2. Posterior prediction plots

mu <- link(m5.3)
mu_mean <- apply(mu, 2, mean)
mu_PI <- apply(mu, 2, PI)

D_sim <- sim(m5.3, n=1e4)
D_PI <- apply(D_sim, 2, PI)

{
  plot(mu_mean ~ d$D, col=rangi2, ylim=range(mu_PI),
       xlab="Observed divorce", ylab="Predicted divorce")
  
  abline(a=0, b=1, lty=2)
  for(i in 1:nrow(d)) lines(rep(d$D[i], 2), mu_PI[,i], col=rangi2)

}

3. Counterfactual plots

This displays the causal implications of the model. They help you understand the model, as well as generate predictions for imaginary interventions and compute how much some observed outcome could be attributed to some cause.

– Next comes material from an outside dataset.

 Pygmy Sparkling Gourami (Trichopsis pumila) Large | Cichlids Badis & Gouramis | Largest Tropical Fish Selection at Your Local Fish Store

The basic recipe: 1. Set the assumed scientific model (e.g. draw the DAG) 2. Pick the intervention variable (i.e. variable to manipulate) 3. Define the range of values to set the intervention variable to 4. Do the following simulation:

For each value of intervention variable:
  For each sample in posterior:
    Use the causal model to simulate the values of other variables including the outcome

DAG Model 1

For the divorce model (represented by the DAG 1), we need a set of functions that tell us how each variable is generated. We will follow the same approach we did in the m5.3 but with adding the influence of A on M, since in the previous models we cared about estimating A -> D influence. Now, we need to predict the consequences of manipulating A. Estimating the influence of A on M is conducting by regressing A on M.

d <- list()
d$A <- standardize(WaffleDivorce$MedianAgeMarriage)
d$D <- standardize(WaffleDivorce$Divorce)
d$M <- standardize(WaffleDivorce$Marriage)

m5.3_A <- quap(
  alist(
    # A -> D <- M
    D ~ dnorm(mu, sigma),
    mu <- a + bM * M + bA * A,
    bM ~ dnorm(0, 0.5),
    bA ~ dnorm(0, 0.5),
    a ~ dnorm(0, 0.2),
    sigma ~ dexp(1),
    
    # A -> M
    M ~ dnorm(mu_M, sigma_M),
    mu_M <- aM + bAM * A,
    bAM ~ dnorm(0, 0.5),
    aM ~ dnorm(0, 0.2),
    sigma_M ~ dexp(1)
    
  ), data=d
)

Let’s define the range of values for A

A_seq <- seq(from=-2,to=2,length.out=30)

Let’s do the simulate both M and D in order. The order is important because we have to simulate the influence of A -> M before simulating the joint Influence A -> M -> D

sim_dat <- data.frame(A=A_seq)

s <- sim(m5.3_A, data=sim_dat, vars=c("M","D"))

{
plot(sim_dat$A, colMeans(s$D), ylim=c(-2,2), type="l",
     xlab="manipulated A", ylab="counterfactual D")
shade(apply(s$D,2,PI), sim_dat$A)
mtext("Total counterfactual effect of A on D")
}

This plot shows the predicted trend in D including both paths: A -> D A -> M -> D

Let’s find the expected causal effect of increasing median age at marriage from 20 to 30:

# standardize 20 and 30 before inference (remember mean(A) = 26.1 and sd(A)=1.24)
A_test <- c(20,30) - 26.1 / 1.24
sim2_dat <- data.frame(A=A_test)
s2 <- sim(m5.3_A, data=sim2_dat, vars=c("M","D"))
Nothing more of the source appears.